#### WHAT THE TASK ASKS
Within the listing below, please show every line carrying the string "color".
———
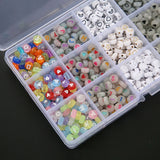 XUQIAN 750pcs 7mm DIY Acrylic Letter Beads Jewelry Making Kit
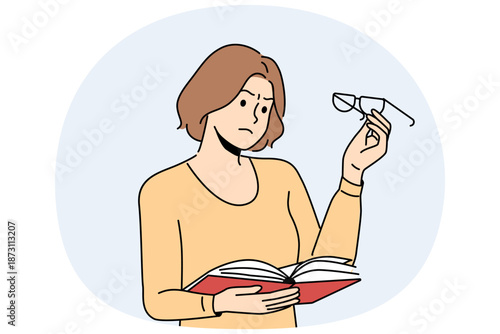 Woman experiences vision problems, reading book and looks at glasses with upset grimace. Girl with myopia or glocoma syndrome cannot see text in textbook and needs surgery to restore vision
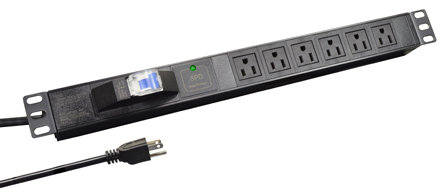 AMERICAN, CANADA (NEMA) 15 AMPERE-125 VOLT, TYPE B (NEMA 5-15R) 19 IN. HORIZONTAL RACK MOUNT (1U) 6 OUTLET PDU POWER STRIP, SURGE PROTECTION (LED INDICATOR), 15 AMP CIRCUIT BREAKER (OVERLOAD PROTECTION), METAL ENCLOSURE, 2 POLE-3 WIRE GROUNDING (2P+E), 14/3 AWG, NEMA 5-15P PLUG, 3.0 METER (9FT-10IN) CORD, BLACK.

<br><font color="yellow">Notes: </font> 
<br><font color="yellow">*</font> Operating temp. = -10�C to +45�C.
<br><font color="yellow">*</font> Storage temp. = -20�C to +55�C.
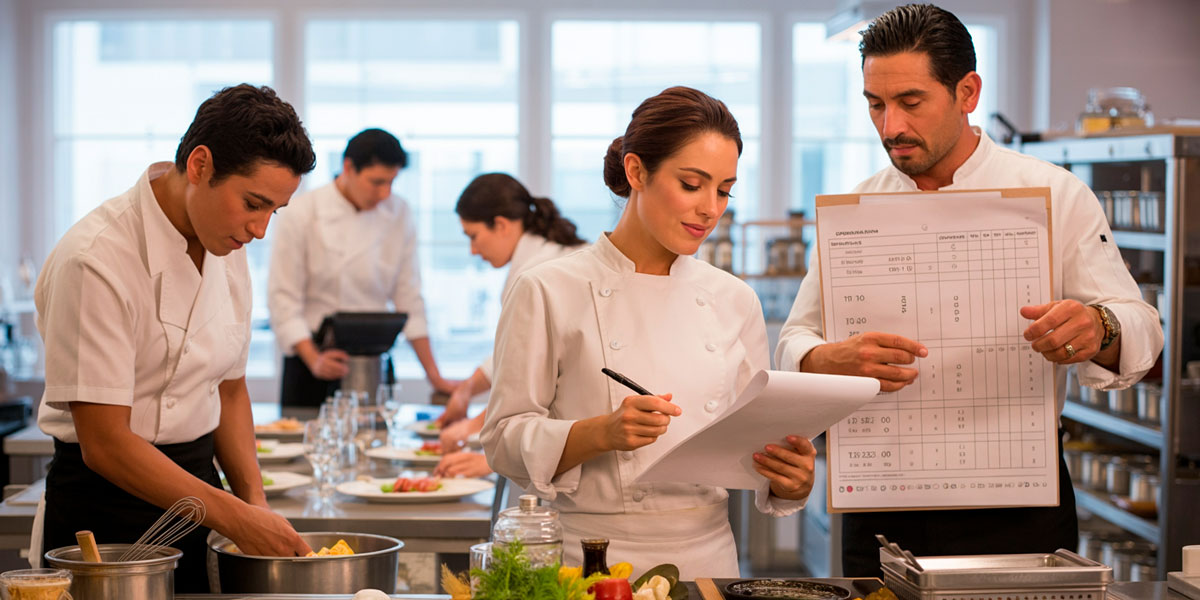 Equipo gastronómico trabajando en cocina profesional mientras aplican procesos de administración de restaurantes, control de costos y planificación operativa.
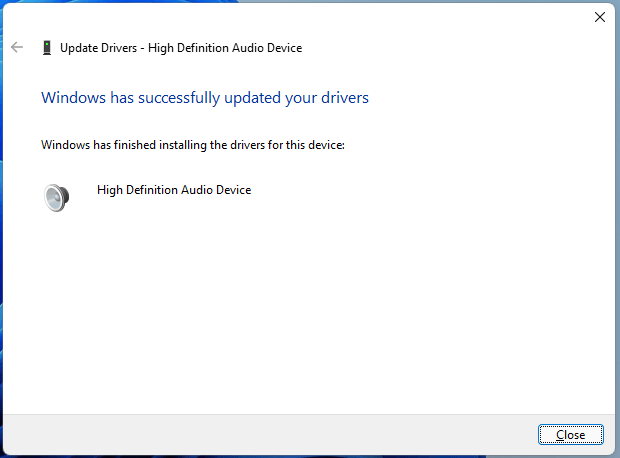 Windows has successfully updated your drivers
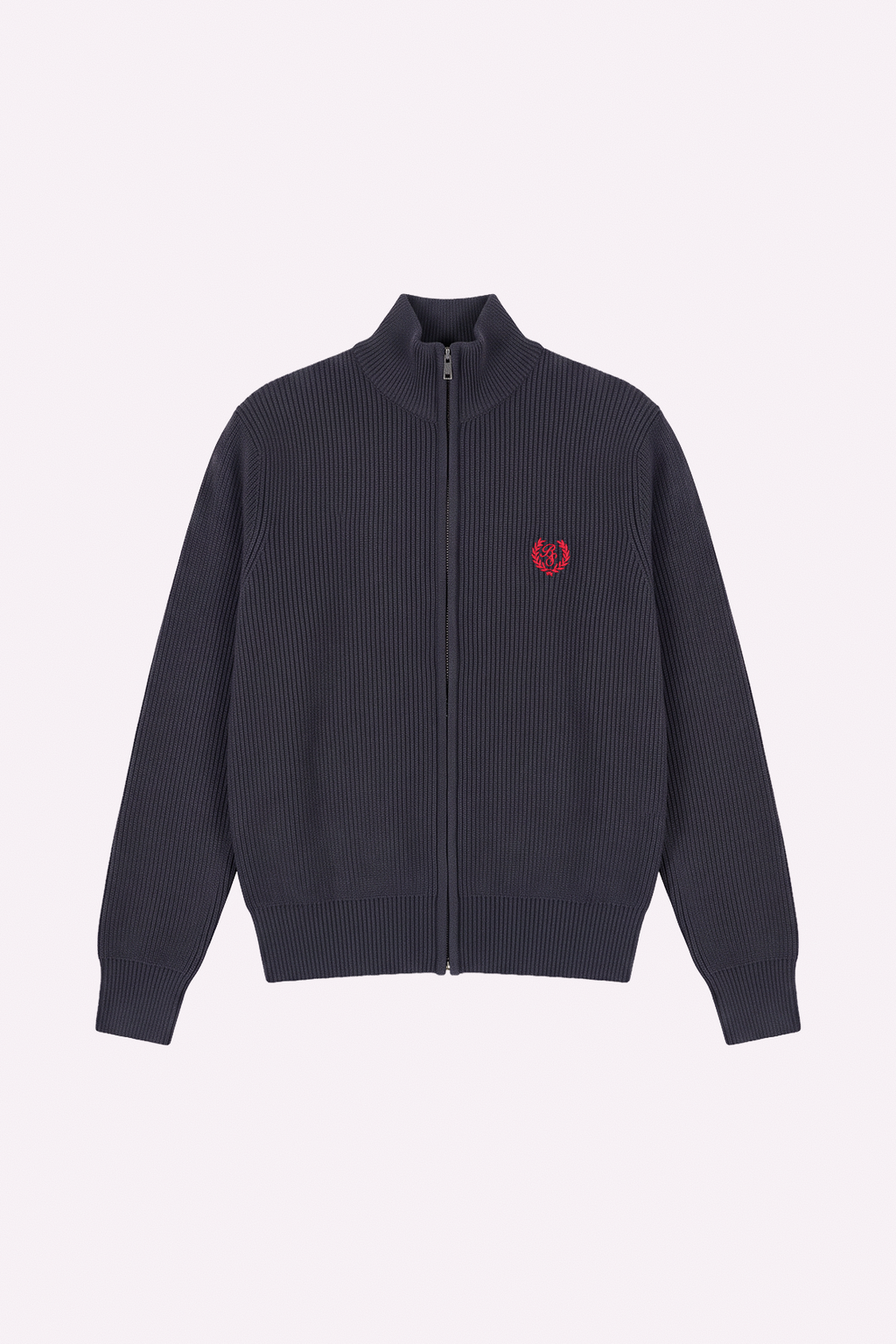 Knit Zip-Up — Shadow Grey — frente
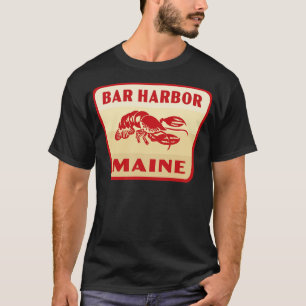 Camiseta Bar Harbour Maine Retro Badge Tan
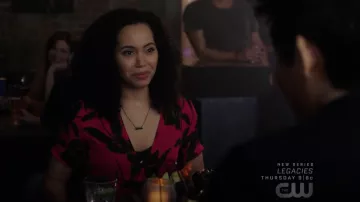 The dress roses flowers A. L. C. worn by Macy Vaughn (Madeleine Mantock) in Charmed S01E08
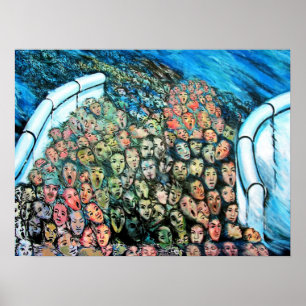 Poster Galeria da zona leste, muro de Berlim, escape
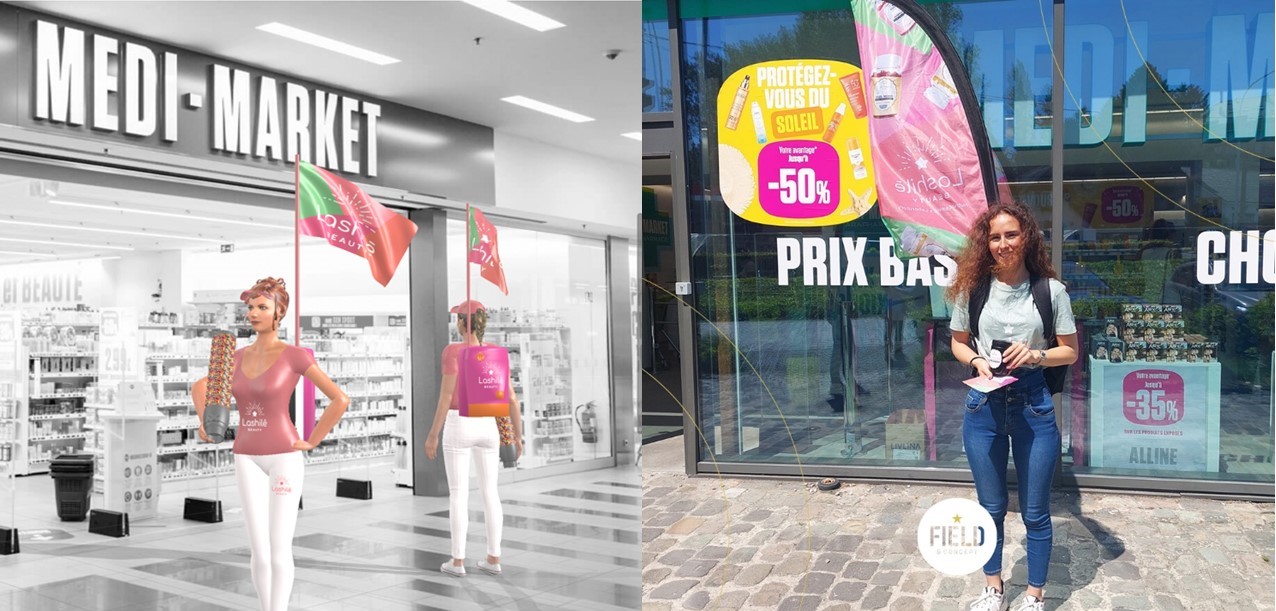 Lashilé Beauty in-store activation with branded mannequins and flags at a Medi-Market pharmacy, and a Field & Concept brand ambassador at the storefront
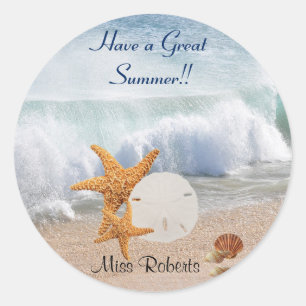 Ha en Underbar sommar, Seashells, Starfish, Lärare Runt Klistermärke
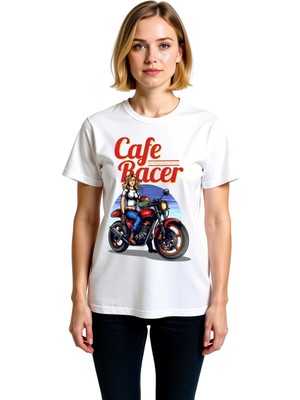 PayBuy Kadın Retro Cafe Racer Motosiklet Baskılı Kısa Kollu Yuvarlak Yaka Pamuk Tişört Konforlu Günlük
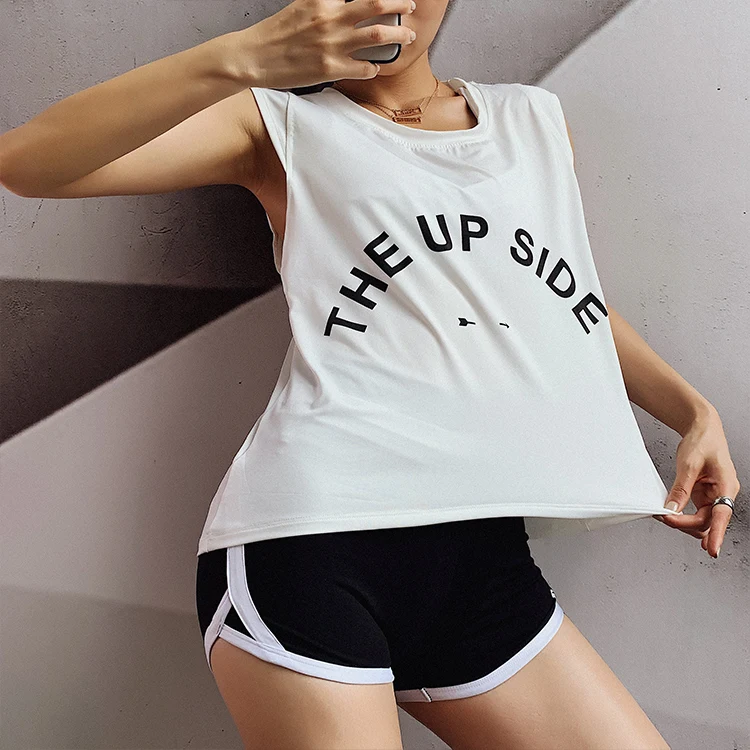 Сексуальный спортивный топ для фитнеса женские безрукавные футболки для йоги свободные дышащие быстросохнущие спортивные рубашки женская спортивная тренировочная безрукавка
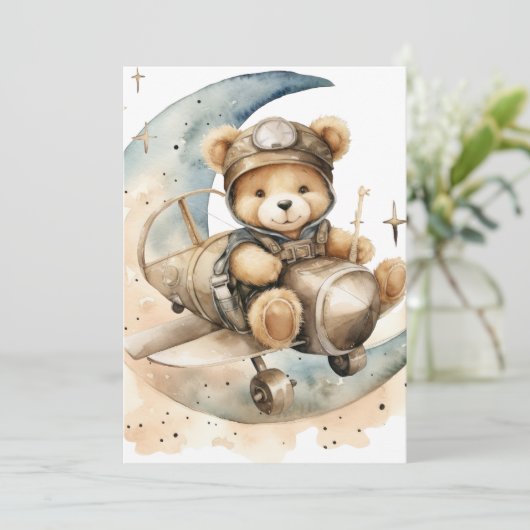 Teddy Bear in Airplane Geburtsankündigung (Stehend Vorderseite)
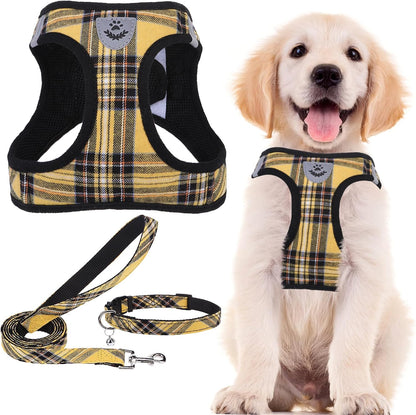 Adjustable Dog Harness Collar and Leash Set Step in No Pull Pet Harness for Small Medium Dogs Puppy and Cats Outdoor Walking Running, Soft Mesh Padded Reflective Vest Harnesses, Yellow, L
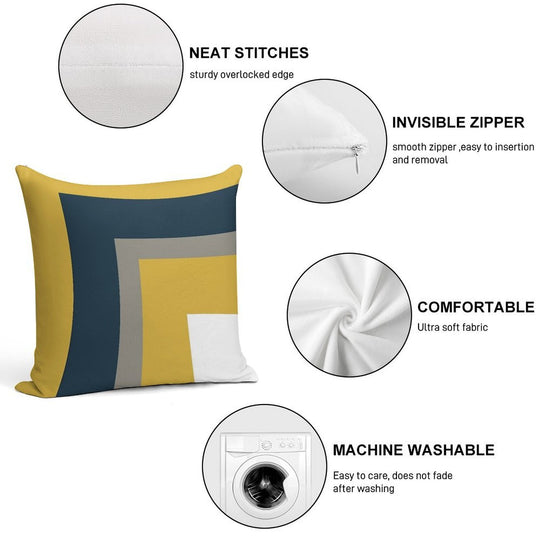 Half Frame Minimalist Geometric Pattern in Mustard Yellow, Navy Blue, Grey, And White Soft Skin-Friendly Throw Pillow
———
#### ANSWER SPACE
<br><font color="yellow">Notes: </font> 
<br><font color="yellow">*</font> Operating temp. = -10�C to +45�C.
<br><font color="yellow">*</font> Storage temp. = -20�C to +55�C.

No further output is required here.